------ GIVEN DATA
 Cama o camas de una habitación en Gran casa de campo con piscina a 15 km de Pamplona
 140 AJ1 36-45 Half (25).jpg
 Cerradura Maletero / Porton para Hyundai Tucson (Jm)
------------
------ GIVEN DATA
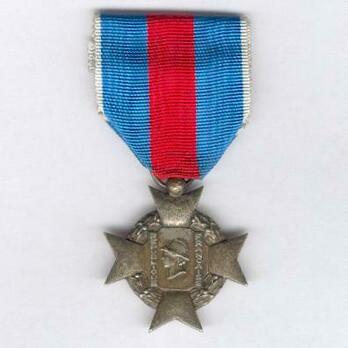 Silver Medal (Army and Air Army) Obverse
------------
§ WORK ORDER
From the records above, give again exactly the lines running from the line with "Cama o camas" to the line with "Cerradura Maletero /", inclusive.

§ RESPONSE TO THIS TASK
 Cama o camas de una habitación en Gran casa de campo con piscina a 15 km de Pamplona
 140 AJ1 36-45 Half (25).jpg
 Cerradura Maletero / Porton para Hyundai Tucson (Jm)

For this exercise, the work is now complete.